Category: esters-buliding-blocks. The fused heterocycle is formed by combining a benzene ring with a single heterocycle, or two or more single heterocycles. Compound: (11bR)-N,N-Bis[(1R)-1-phenylethyl]dinaphtho[2,1-d:1′,2′-f][1,3,2]dioxaphosphepin-4-amine, is researched, Molecular C36H30NO2P, CAS is 415918-91-1, about Methyl-monofluorination of ibuprofen selectively increases its inhibitory activity toward cyclooxygenase-1 leading to enhanced analgesic activity and reduced gastric damage in vivo. Author is Su, Hong; Xie, Yuli; Liu, Wen-Bo; You, Shu-Li.

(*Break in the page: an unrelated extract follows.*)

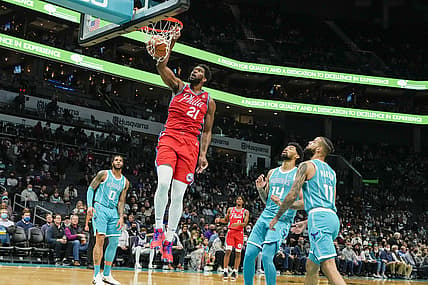 Dec 8, 2021; Charlotte, North Carolina, USA;  Philadelphia 76ers center Joel Embiid (21) gets a dunk on Charlotte Hornets forward Cody Martin (11) during the first quarter at the Spectrum Center. Mandatory Credit: Jim Dedmon-USA TODAY Sports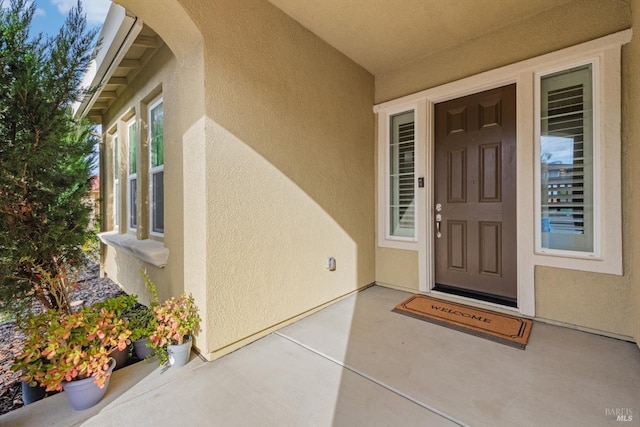 doorway to property featuring stucco siding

Newly developed monofluoromethylation reaction provided access to various bioactive mols. with an interesting monofluoromethyl unit. An iridium-catalyzed asym. version was employed for large-scale methyl-monofluorination of widely used nonsteroidal anti-inflammatory drug ibuprofen (the active S isoform). The methyl-monofluorinated ibuprofen was found to selectively inhibit cyclooxygenase-1 over cyclooxygenase-2 and surprisingly, the compound, with almost equal pharmacokinetic profile, was shown to increase analgesic activity and diminish gastric damage in animal models comparing to the parent drug ibuprofen. Therefore, methyl-monofluorination could be a useful strategy for improving efficacy and safety profile of drugs from the ‘profen’ family.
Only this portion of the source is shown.